## INSTRUCTIONS TO FOLLOW:
What you return should be only the lines in the entries below between the one holding "New 2026 Toyota Corolla Cross L image 8" and the one holding "Audi Q7 Quattro", ends included, with every picture left out.

## INPUT:
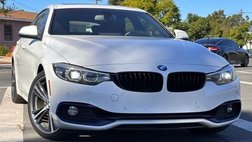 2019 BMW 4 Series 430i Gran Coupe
---
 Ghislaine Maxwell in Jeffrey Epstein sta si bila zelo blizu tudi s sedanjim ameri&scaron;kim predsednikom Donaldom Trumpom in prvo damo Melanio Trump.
--
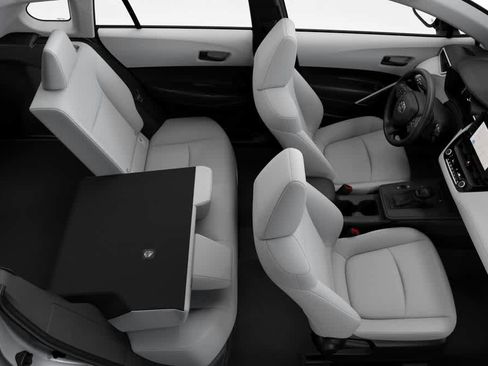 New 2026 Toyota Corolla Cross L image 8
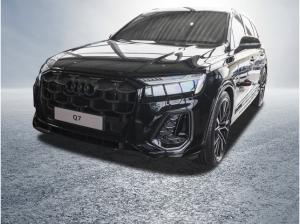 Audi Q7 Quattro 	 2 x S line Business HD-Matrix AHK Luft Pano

## WRITTEN REPLY:
 New 2026 Toyota Corolla Cross L image 8
 Audi Q7 Quattro 	 2 x S line Business HD-Matrix AHK Luft Pano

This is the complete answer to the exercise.